You wake up sick of your friend or your lover or whoever. Is it okay to leave? Let’s assume you have some time and energy invested in this person.
Easy answer! Of course it’s okay to leave. You can do anything you want, any time you want for any reason. This is true! This is how I handled relationship when I was young and let me tell you, I had a very long puppyhood!
I’m also a hothead, a commitment-phobic and a person with a powerful “leaving gene” in general. I never thought twice about leaving someone, for many years. I come first, you know? Me! Me! Me! I’m not happy. I’m bored. I’m mad or any other emotion under the sun; so I’m leaving! I’m a big baby!
This works for awhile but it doesn’t take long to rack up a trail of bodies behind you. There’s a point where your and your behavior become suspicious to everyone around you, though chances are, no one will say anything to you directly.

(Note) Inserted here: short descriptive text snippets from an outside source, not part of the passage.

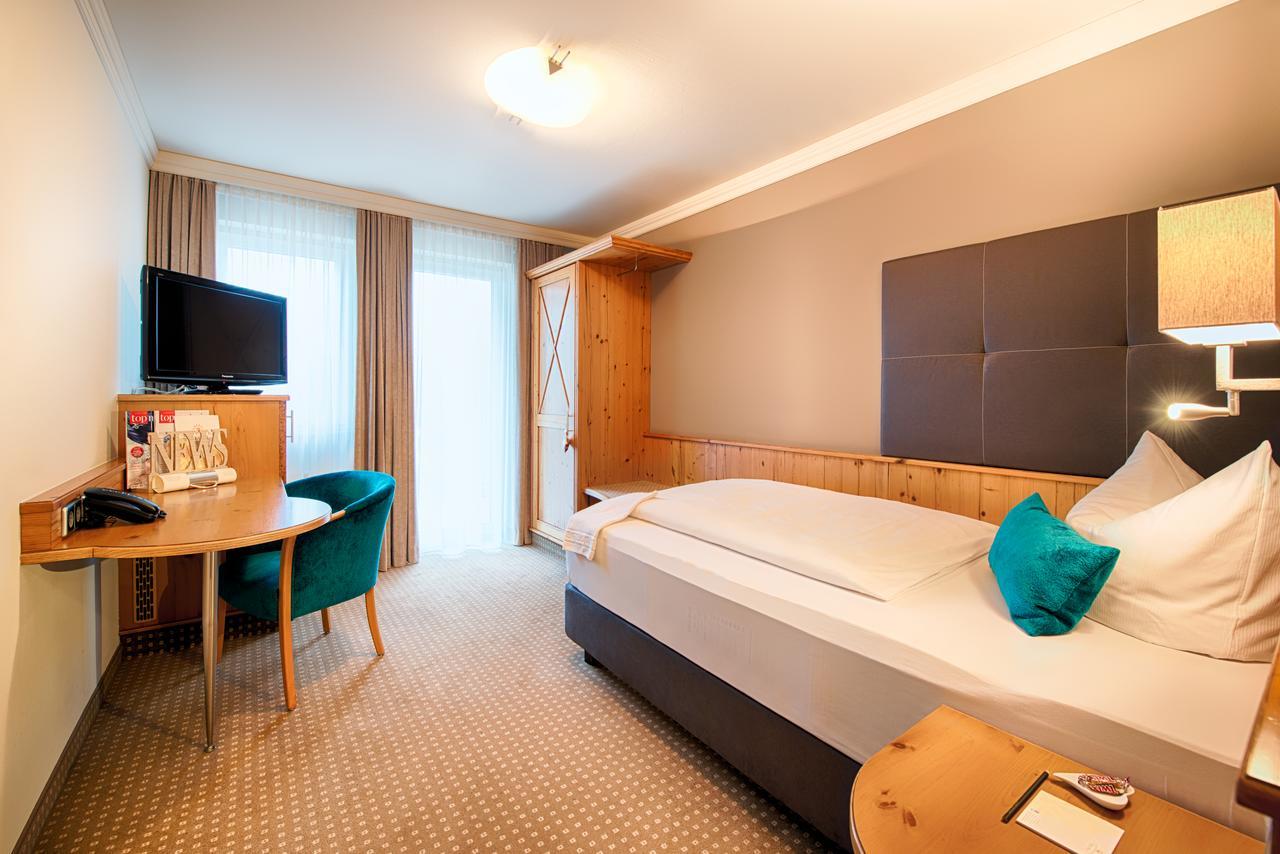 Hotel Landhaus Feckl Ehningen エクステリア 写真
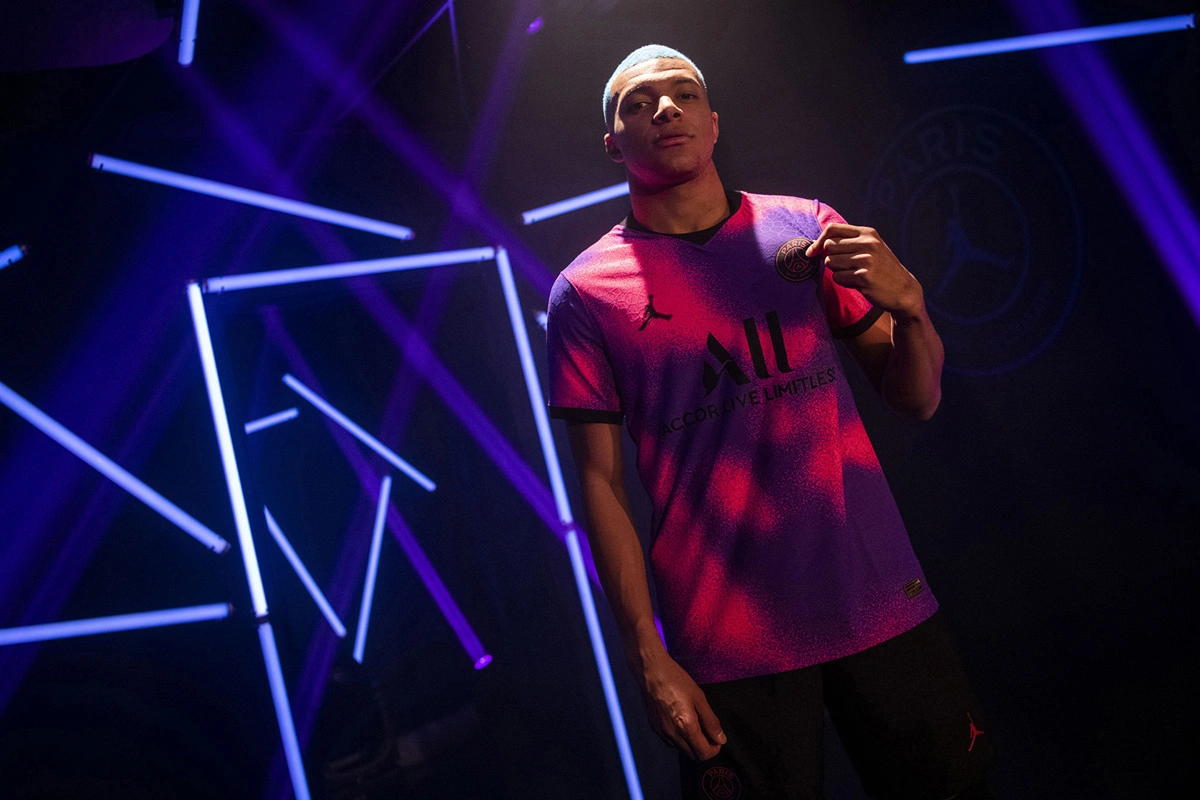 壹号-包含JackeyLove连续十场比赛得分超过连败，巴黎圣日耳曼挑战极限！的词条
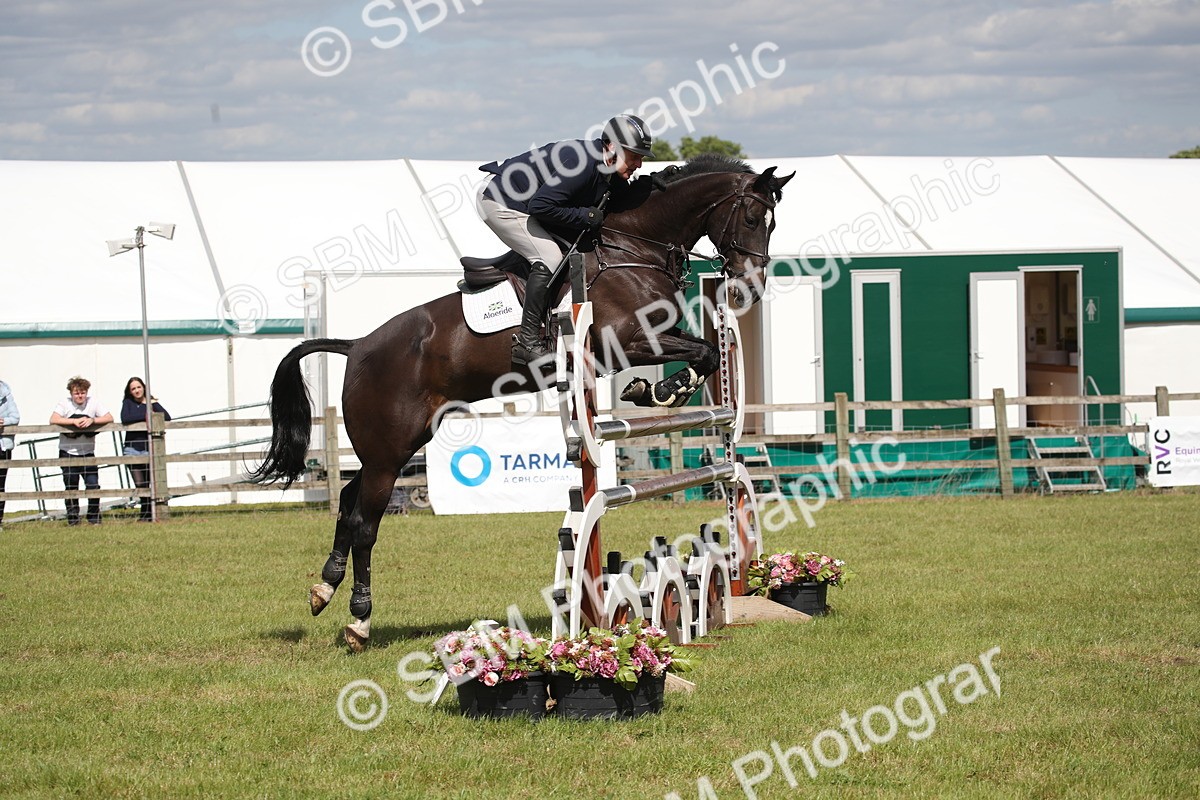 SBM_17524 - Class 208 - Senior Foxhunter 1.20m Open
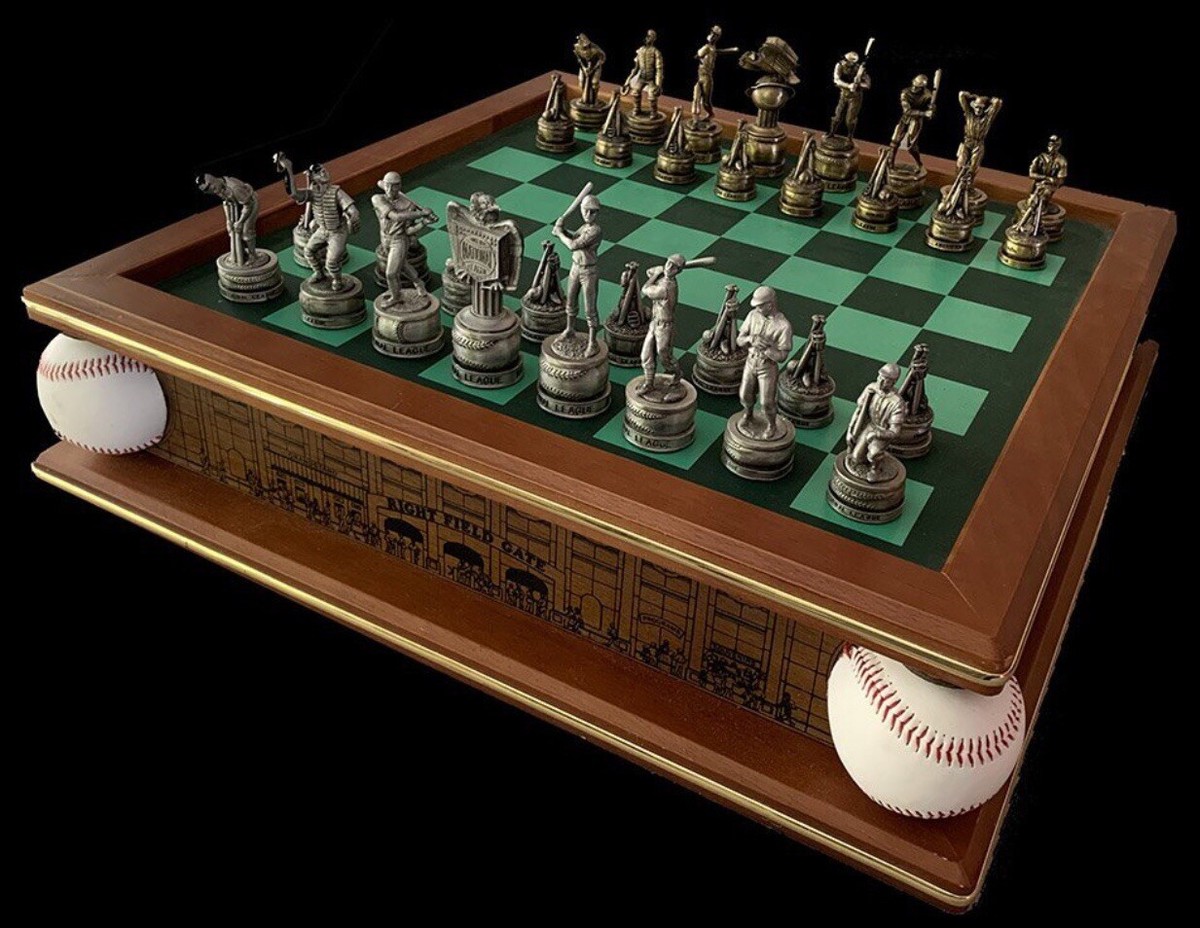 BRADFORD AMERICAN LEAGUE & NATIONAL LEAGUE BASEBALL PEWTER CHESS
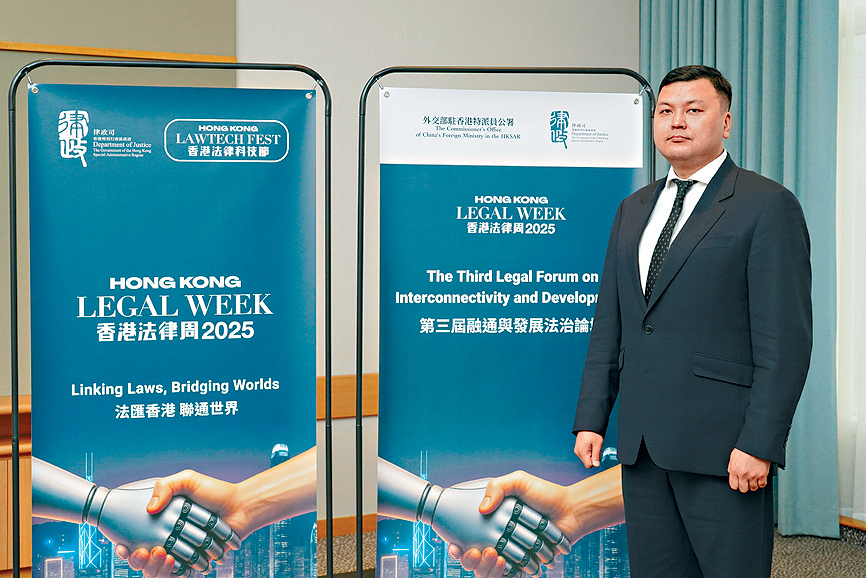 Ayaz Baetov提到吉爾吉斯與中國合作的鐵路建設項目，形容為「非常戰略性的項目」。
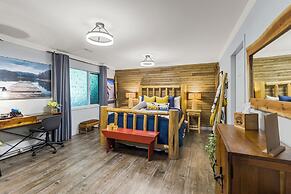 Rayleigh River Retreat - Garden Oasis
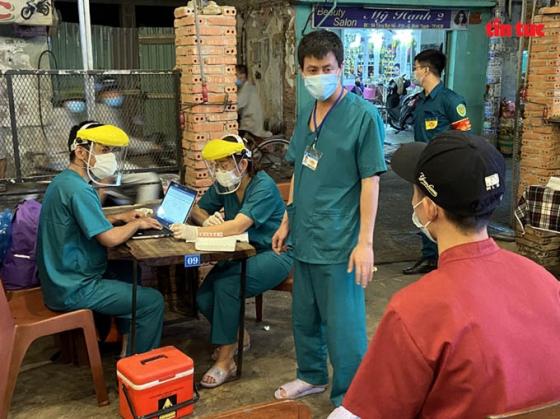 132 5 Bat Ngo Kiem Tra Lay Mau Xet Nghiem Tam Soat Covid 19 O Cac Quan Nhau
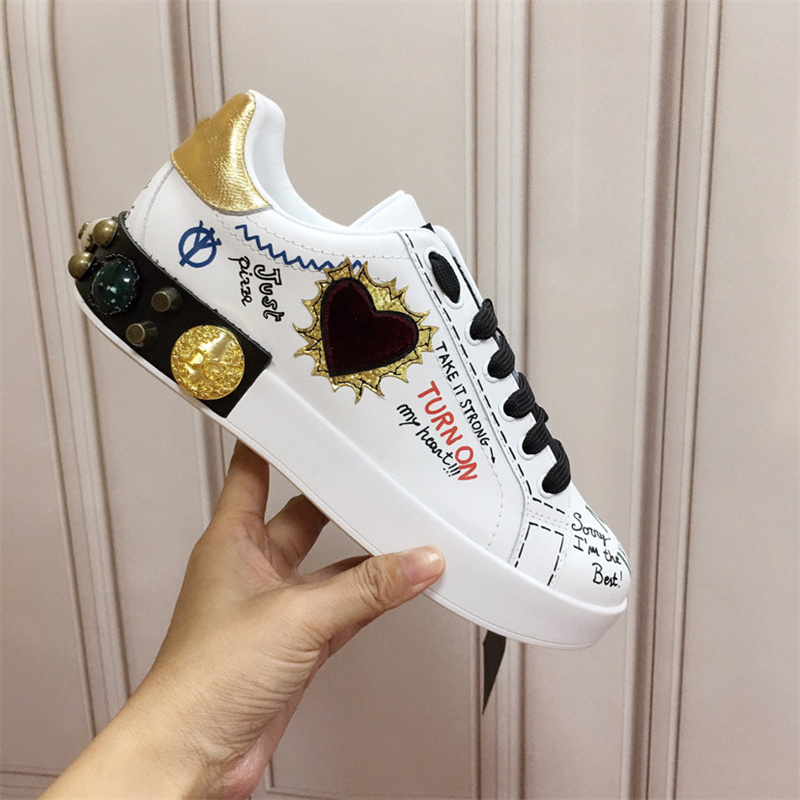 Luxurys Shoes Disney Queen White Red Pink Black Heart Graffiti Genuine Leather Platform Casual Women Size 35, 23
Luxurys Shoes Disney Queen White Red Pink Black Heart Graffiti Genuine Leather Platform Casual Women Size 35, 23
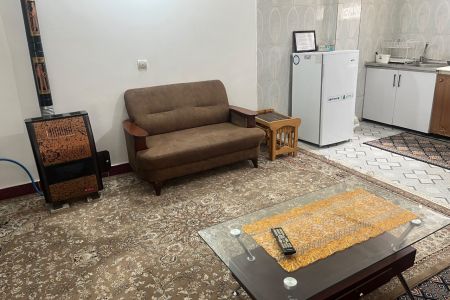 سوئیت در چالوس - جاده فرج آباد - همکف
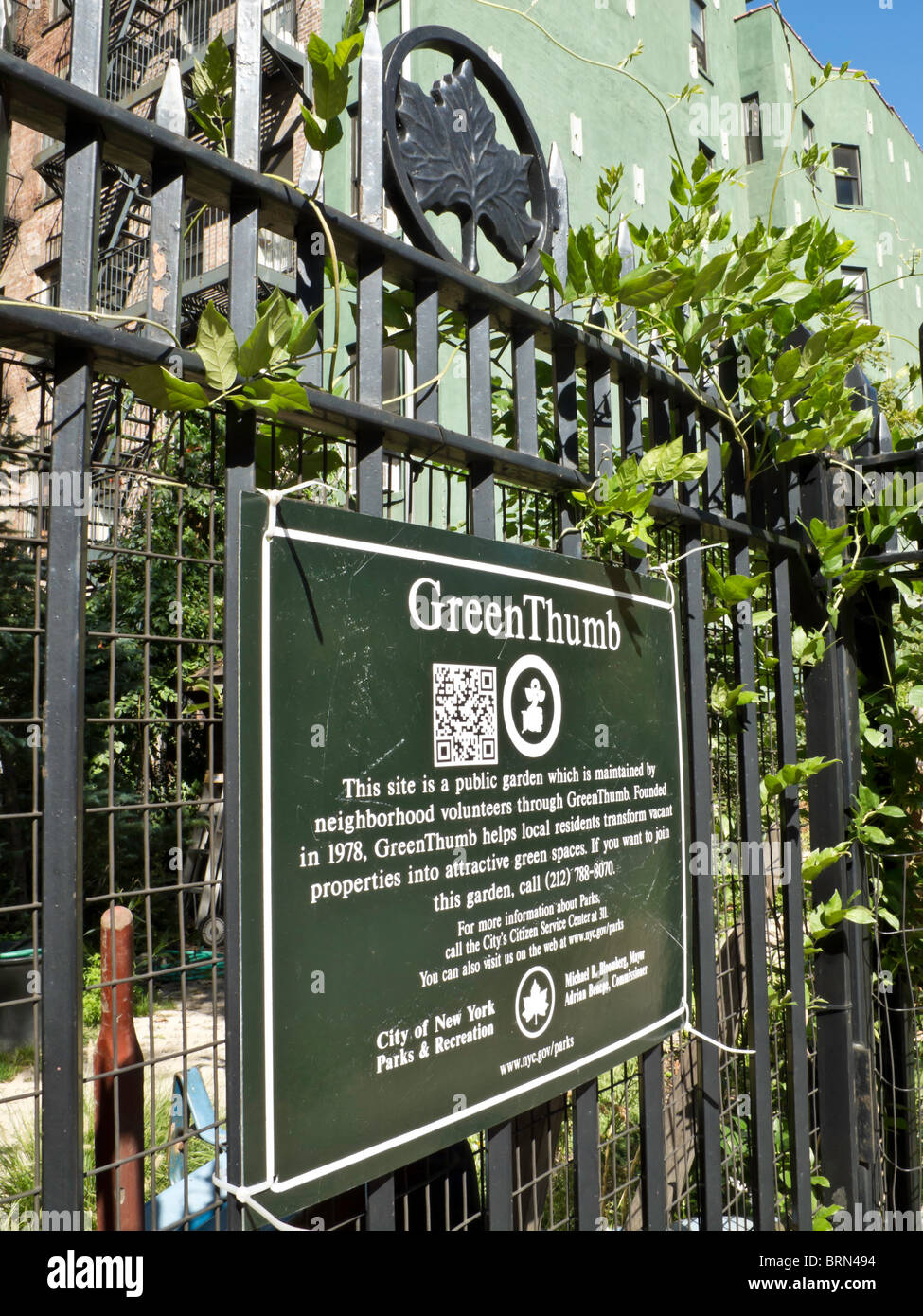 City walls urban park gardens hires stock photography and images Alamy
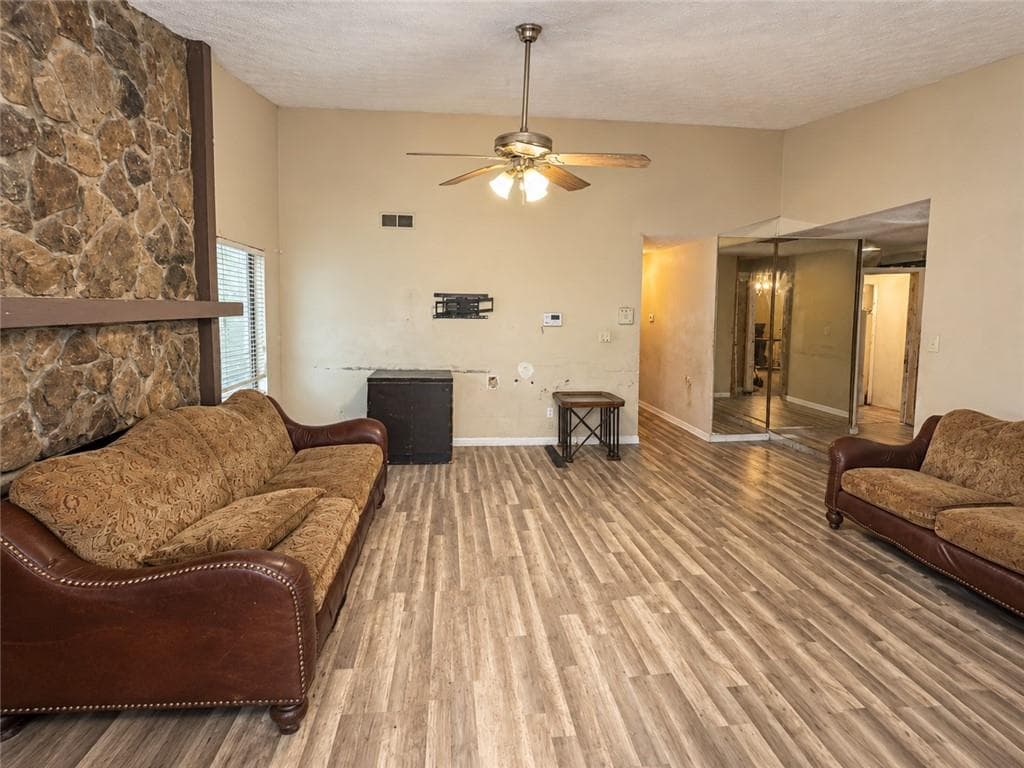 4 bedroom, 2 bathroom, 2,438 sq ft single family residence for sale at 6260 Mozart Drive, Riverdale, GA 30296 — photo 5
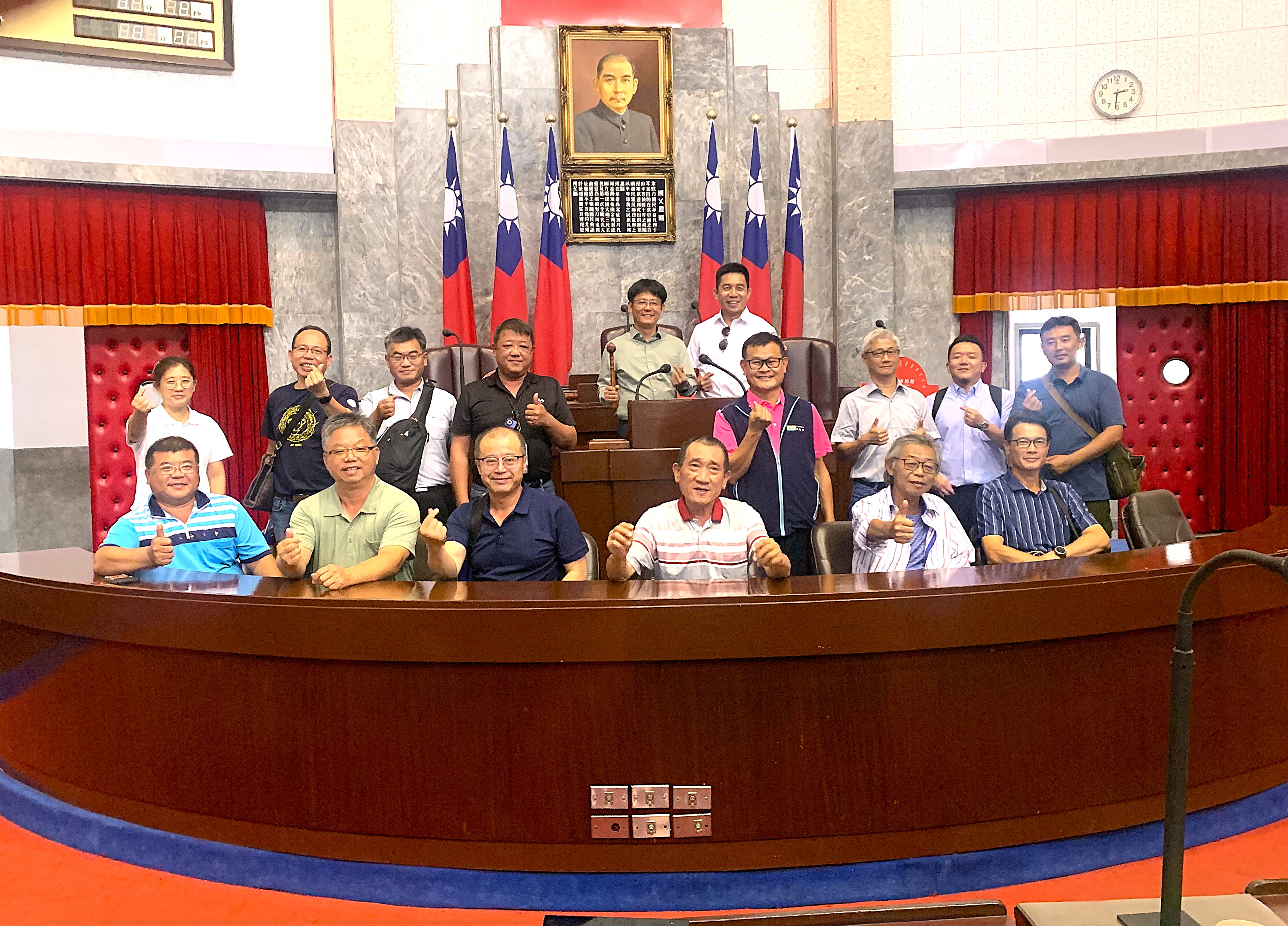 議事堂內主席台前合照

If you’re honest, you might realize if they were to say something, you’d react badly. People are gun-shy in this day and age. You offend someone, anyone, there’s no telling the out-of-bounds repercussions coming your way. You dumped everyone else; you’re going to dump them too. Maybe they’re not up for their own execution!
Also, people tend to forget, their friends and family are overwhelmingly going to accept their version of events; never considering there’s another side to the story. Even if they do think of the other person, will they say anything? Some may but most won’t.
I get a lot of calls on this topic and this is why! It’s hard to find someone who will take an objective look at your situation and in particular, see it through the other person’s eyes. I know I have Libra, but I still feel ignoring the other person’s perspective is beyond merely foolish. It almost guarantees, you will leave the relationship, to land in one just like it and generally worse.
Why? Because you didn’t learn anything! You are looking at them; dealing with them, but they are having to deal with you. It’s good to consider what that might be like.
People to tend to inflate their efforts and good deeds in their relationship, while minimizing the other person’s contributions. Setting up the equation like this, insures the answer you come up with will be flawed, if not entirely upside-down. But do you know it? Probably not because you have your cheerleader section who swears you can do no wrong. Wonder what their motive is?
What do you think? What do you have to do or know or have in place, if anything, before you can leave a relationship feeling you’re made a good and healthy decision that ending a relationship is in fact, in your best interests over the long term?